次に、身寄りのない独居者にまつわる問題についてお聞きをしたいと思っております。
昨年、予算委員会の質疑の中で、この問題の対応の検討を総理から厚労省に指示をいただいて以降、総理の御理解もあって、今年度は、十分とは言えないまでも予算がついて、二件のパイロット事業がスタートしたり、身元保証事業者と呼んでいたものを高齢者等終身サポート事業者と呼び換えた上で、事業者ガイドラインをまとめて、現在パブコメにかけているなど、昨年まで政策課題に上がっていなかった課題が確かに動き始めたところであります。
自民党内におきましても、昨年、加藤勝信社会保障制度調査会長の下、この問題を担当するPTも発足し、政府に提言すべく、現在、取りまとめ作業を進めております。

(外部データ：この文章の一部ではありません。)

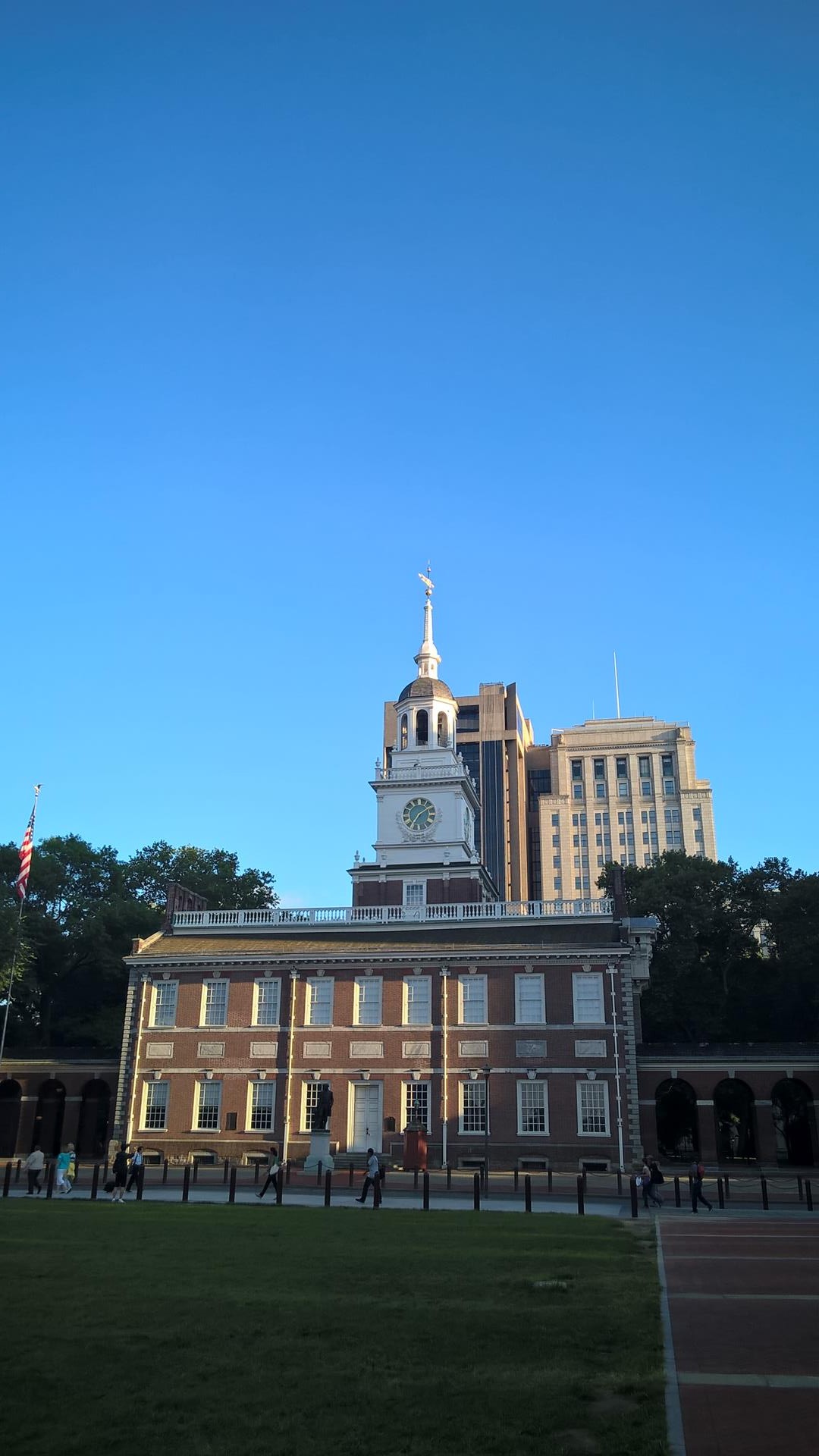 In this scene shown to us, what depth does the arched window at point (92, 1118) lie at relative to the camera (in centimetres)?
5731

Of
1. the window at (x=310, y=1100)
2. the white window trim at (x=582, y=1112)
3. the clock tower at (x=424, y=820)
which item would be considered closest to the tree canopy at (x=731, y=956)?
the clock tower at (x=424, y=820)

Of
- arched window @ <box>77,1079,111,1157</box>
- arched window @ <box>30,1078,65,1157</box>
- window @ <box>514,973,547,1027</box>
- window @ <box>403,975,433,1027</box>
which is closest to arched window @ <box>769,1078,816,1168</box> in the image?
window @ <box>514,973,547,1027</box>

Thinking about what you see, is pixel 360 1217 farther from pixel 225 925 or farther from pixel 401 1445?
pixel 225 925

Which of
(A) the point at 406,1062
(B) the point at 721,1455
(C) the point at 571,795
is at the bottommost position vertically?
(B) the point at 721,1455

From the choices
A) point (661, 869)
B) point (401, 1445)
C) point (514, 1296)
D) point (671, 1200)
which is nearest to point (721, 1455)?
point (401, 1445)

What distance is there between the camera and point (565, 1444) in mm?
8750

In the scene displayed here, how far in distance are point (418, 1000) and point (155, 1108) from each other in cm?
1336

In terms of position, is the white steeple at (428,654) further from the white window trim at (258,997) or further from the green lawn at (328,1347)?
the green lawn at (328,1347)

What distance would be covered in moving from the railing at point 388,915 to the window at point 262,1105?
28.2 ft

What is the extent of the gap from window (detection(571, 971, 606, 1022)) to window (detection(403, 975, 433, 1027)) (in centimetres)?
655

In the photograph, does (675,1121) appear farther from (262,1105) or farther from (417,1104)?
(262,1105)

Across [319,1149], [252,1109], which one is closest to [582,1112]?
[319,1149]

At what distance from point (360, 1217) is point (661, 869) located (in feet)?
178

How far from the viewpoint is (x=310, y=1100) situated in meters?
51.5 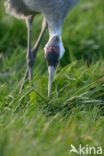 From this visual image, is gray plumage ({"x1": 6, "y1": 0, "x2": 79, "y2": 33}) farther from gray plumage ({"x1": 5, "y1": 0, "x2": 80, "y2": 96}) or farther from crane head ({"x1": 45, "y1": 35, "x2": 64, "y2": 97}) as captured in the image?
crane head ({"x1": 45, "y1": 35, "x2": 64, "y2": 97})

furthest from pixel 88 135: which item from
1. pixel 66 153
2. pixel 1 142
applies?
pixel 1 142

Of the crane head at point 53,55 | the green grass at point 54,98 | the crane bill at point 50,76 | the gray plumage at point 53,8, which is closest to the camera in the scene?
the green grass at point 54,98

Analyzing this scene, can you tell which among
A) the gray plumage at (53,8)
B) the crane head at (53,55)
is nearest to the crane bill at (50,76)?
the crane head at (53,55)

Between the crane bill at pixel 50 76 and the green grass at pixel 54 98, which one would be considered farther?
the crane bill at pixel 50 76

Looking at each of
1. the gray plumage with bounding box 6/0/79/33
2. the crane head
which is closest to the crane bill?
the crane head

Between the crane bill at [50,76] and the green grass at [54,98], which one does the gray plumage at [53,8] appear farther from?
the crane bill at [50,76]

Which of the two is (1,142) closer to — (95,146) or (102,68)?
(95,146)

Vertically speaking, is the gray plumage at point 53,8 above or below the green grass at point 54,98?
above

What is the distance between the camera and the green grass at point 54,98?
4652 millimetres

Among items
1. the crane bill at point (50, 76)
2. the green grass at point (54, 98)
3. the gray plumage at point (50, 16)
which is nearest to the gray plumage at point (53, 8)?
the gray plumage at point (50, 16)

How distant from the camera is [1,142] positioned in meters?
4.35

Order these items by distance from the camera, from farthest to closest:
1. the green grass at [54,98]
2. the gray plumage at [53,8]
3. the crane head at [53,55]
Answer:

この議論の中、この解決に向けて対応していく一つの方向性として、いざというときに発生する仕事量を減らしていくというものがあります。家族がいるならば特別意識せずとも知っていると思われる、例えば親戚の所在であるとか、彼らの連絡先であるとか、また、その他、本人の意向などですが、これらを赤の他人が調べるということは、大変な作業量になっているということが指摘をされております。
横須賀では、熱心な行政職員が、独居者等、当人が書き込んだこういう情報を紙ベースで保管をし、必要が来たら活用をしており、全国から注目されているところであります。しかし、例えば私の地元であるような三百七十万都市の横浜で、紙ベースというわけにはいきません。
そこで、その作業量を減らすため、そのようなデータを事前に本人が平時に登録しておく情報登録プラットフォーム的なシステムが求められていると考えます。そして、何よりこれは、当の御本人の意思を実現させるためにも有効なんです。
というのは、今、エンディングノートというのが指摘をされて、多くの方が準備もされておろうかと思いますが、準備をしていても、このエンディングノートを見つけてもらえずに、結果として、生前の準備が生かしてもらえなかったという事例なども聞いております。
ですから、このような事前の対応が周りの人たちの仕事量を減らすのに有効だということや、また、本人の意思を死後実現するのにも有効だということもまだ周知されていない状況と認識しますので、このプラットフォームへの登録を推奨する中で、元気なうちの事前対応の必要性啓発にもつながりますし、また、実際に、直接的な独居者の課題のみならず、介護、医療、両分野においても効率化が期待される中、このシステム開発と同時に個人情報を登録するわけですから、その運用条件を厳格に決めていくことが求められると考えますが、御見解をお伺いいたします。